У Вас масса верного и точного в статье — и то, что мама зачеркивала причину возникновения стихов; и то, что она никогда не была поэтессой, всегда — поэтом. Вообще, Вы умник и молодец, и я просто ужасно рада. Не обижайтесь моим «замечаниям» — не то слово, просто мысли по поводу,
ИЗ ПИСЬМА П. Г. АНТОКОЛЬСКОМУ
7 августа 1966
…Как только книга Ваша о поэтах[85] вернется ко мне (она пошла по небольшому кругу тарусских друзей — есть еще большой круг знакомых — но не про них писано!) — напишу Вам о родстве; а пока что: так же страстно и пристрастно, такая же акция 3АЩИТЫ, как у мамы.
«Утвердив жизнь, которая сама есть утверждение, я не выхожу из рожденного состояния поэта — защитника», — так кончает мама очерк о Мандельштаме; выше она пишет о том, что поэт — никогда не прокурор, всегда — защитник…

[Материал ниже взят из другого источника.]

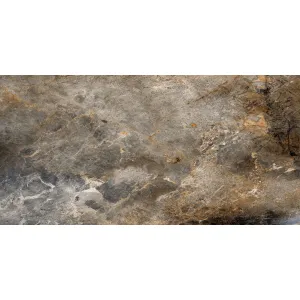GRESIE HG FLORIAN GRAFITO - 60X120 cm, porțelanată, aspect de marmură gri-închis cu accente aurii, finisaj super lucios high glossy, ideală pentru interioare și exterioare elegante.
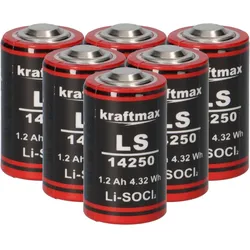 6x Kraftmax Lithium 3,6V Batterie LS14250 1/2 AA - Zelle ER14250 Li-SOCl2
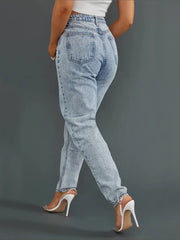 Casual Acid Washed Wide Leg Mom Jeans for Women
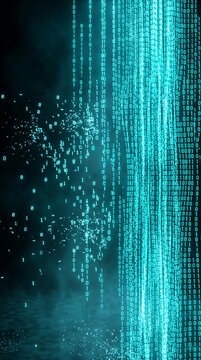 Turquoise binary code cascades and fragments against a dark, smoky background, symbolizing digital information flow, data, and technology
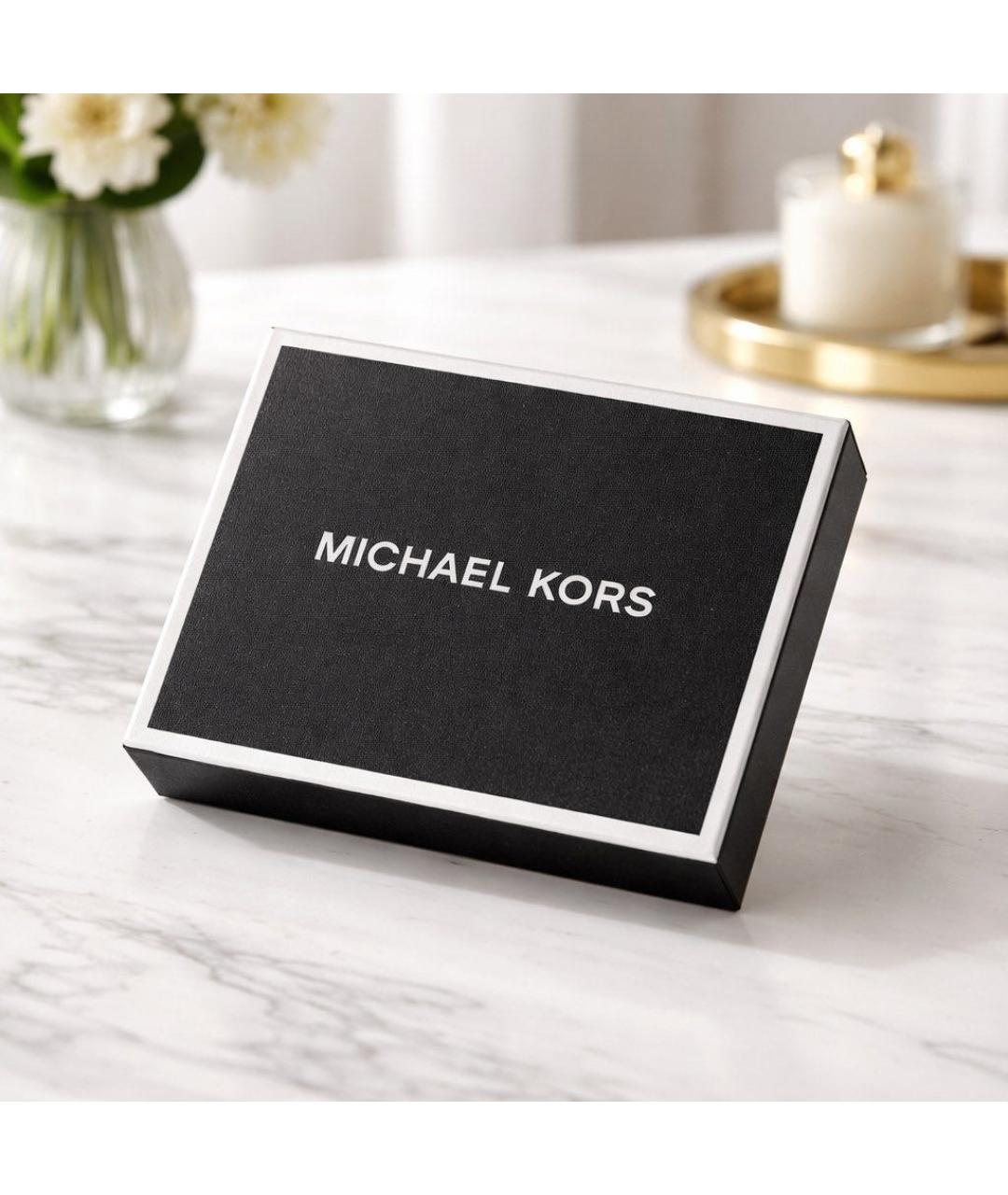 MICHAEL KORS Черный кожаный кошелек, фото 3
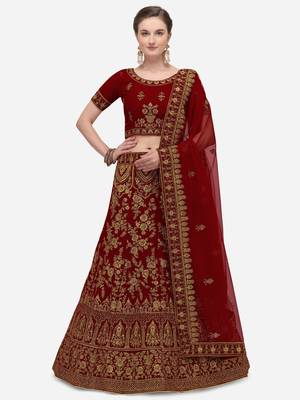 Maroon embroidered velvet semi stitched lehenga 1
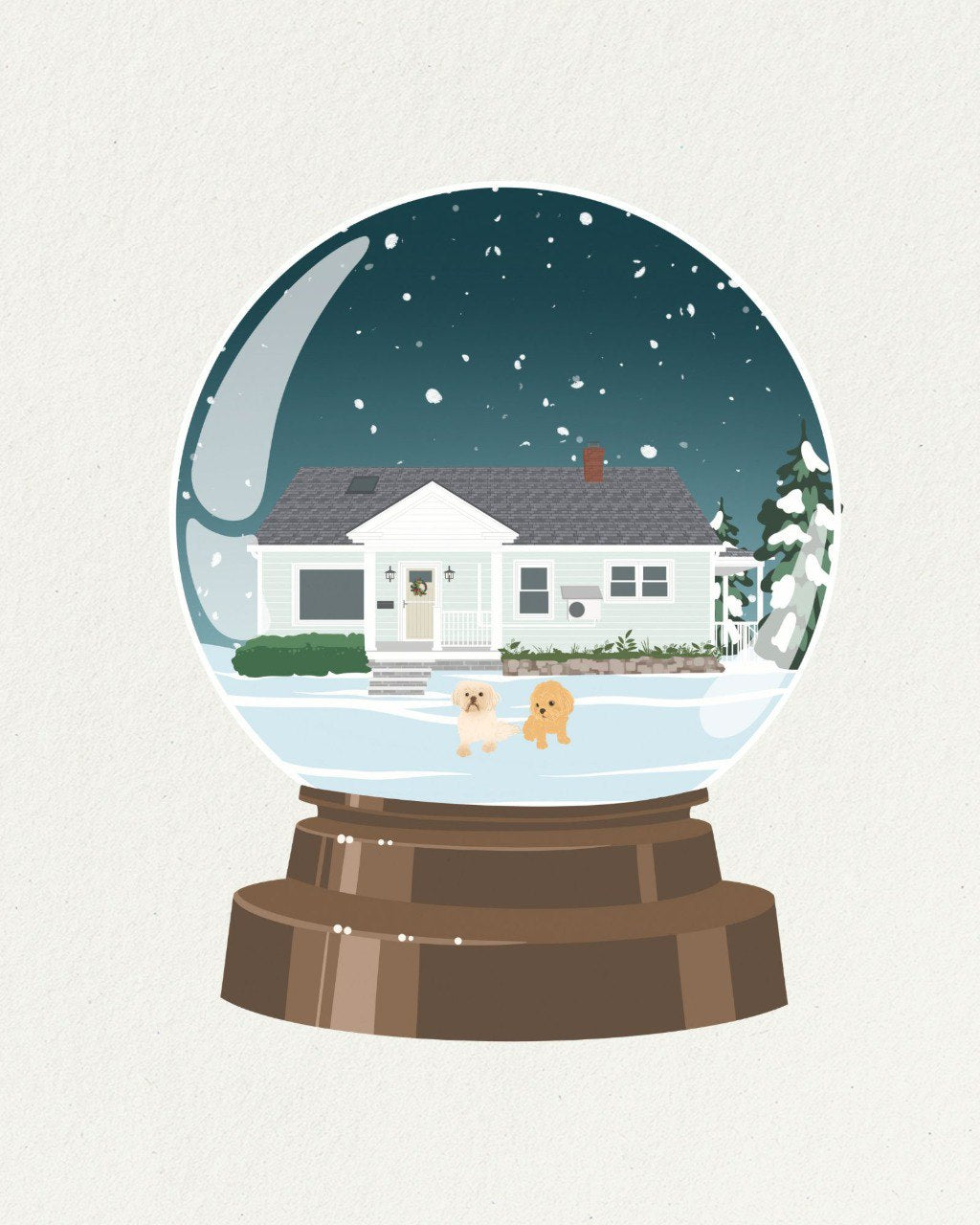 Your Home Portrait in a Snow Globe: Personalised Holiday Card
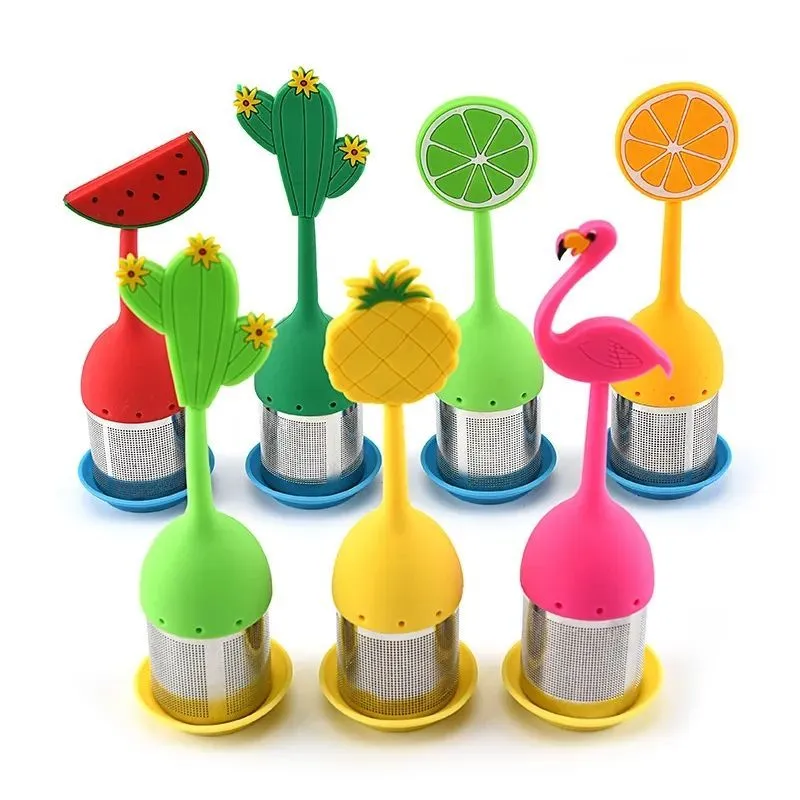 Tools Fruit Filter Shape Novelty Spice Coffee Tea Bag Silicone /Stainless Steel Kitchen Accessories 4.23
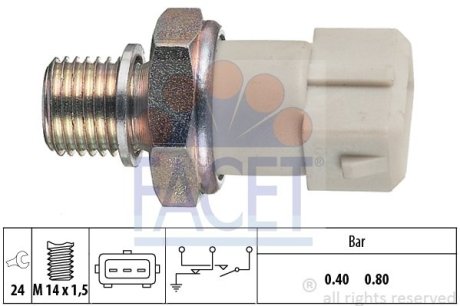 Датчик давления масла (0,4bar/3 конт./белый) Kadett E 1.3-1.6 FACET 7.0070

ИЗ ПИСЬМА П. Г. АНТОКОЛЬСКОМУ
1 февраля 1967 г.
…Насчет маминых пьес: а не ошибаетесь ли Вы, выделяя из «корпуса Марининой поэзии» ее театр?[86] Господи, да это все та же лирика, только «разбитая на голоса», полифоничная. Среди ранних пьес (они были объединены ею в цикл «Романтики») есть и слабые — как в те годы были и слабые стихи — но Казанова! Разве он не сродни героям «Плаща», разве он не то же самое? (Кстати, посмотрите в томе «Библ. поэта» комментарии к пьесам, — в нем опубликованным, главное — мамины записи, пометки к ним, там много важного.) «Метель» тоже — сплошная лирика… Вы, Павлик, свидетель и участник той Романтики («почти пятидесятилетней давности») — Вы просто многое-многое помните… Вам будет не только трудно, но и легко писать. «Ариадна» и «Федра», по-моему, изумительны, особенно последняя, и тоже выкорчевываемы из «корпуса» ее поэзии, из того же вещества и естества, как и поэмы Горы и Конца; та же сердцевина!..
ИЗ ПИСЬМА П. Г. АНТОКОЛЬСКОМУ
3 июня 1967 г.
…Слова: «не чту театра»… в предварении к книжке «Конец Казановы» датированы 1921 г. На самом же деле они являются развитием подобной же мысли, записанной в дневнике 1919 г., т. е. в самый разгар работы М. Ц. над пьесами романтического цикла, в самый разгар ее кратковременного, но несомненного увлечения театром. В дневниковой своей записи она говорит о превосходстве поэзии над театральным искусством, ибо поэт — создатель первичных ценностей, актер же, как бы гениален он ни был, всего лишь интерпретатор текста; поэт и на необитаемом острове создает бессмертные творения: как себя выразит на необитаемом острове актер, — нуждающийся и в тексте, и в публике, и в ряде аксессуаров, без коих он — ничто?
Все это, думается, далеко от Вашего толкования слов «не чту театра» — как слов «разочарования», признания собственной «неудачи, незадачливости в театре, внутри театра». Наоборот, это — утверждение примата СЛОВА над «наукой» Фомы неверного, ДУХА над материей (хотя бы над холщовой материей театральных декораций) и собственного превосходства — как поэта. В театре Цв<етаева> признавала его первооснову — слово, текст; и этой первоосновы ради и писала пьесы.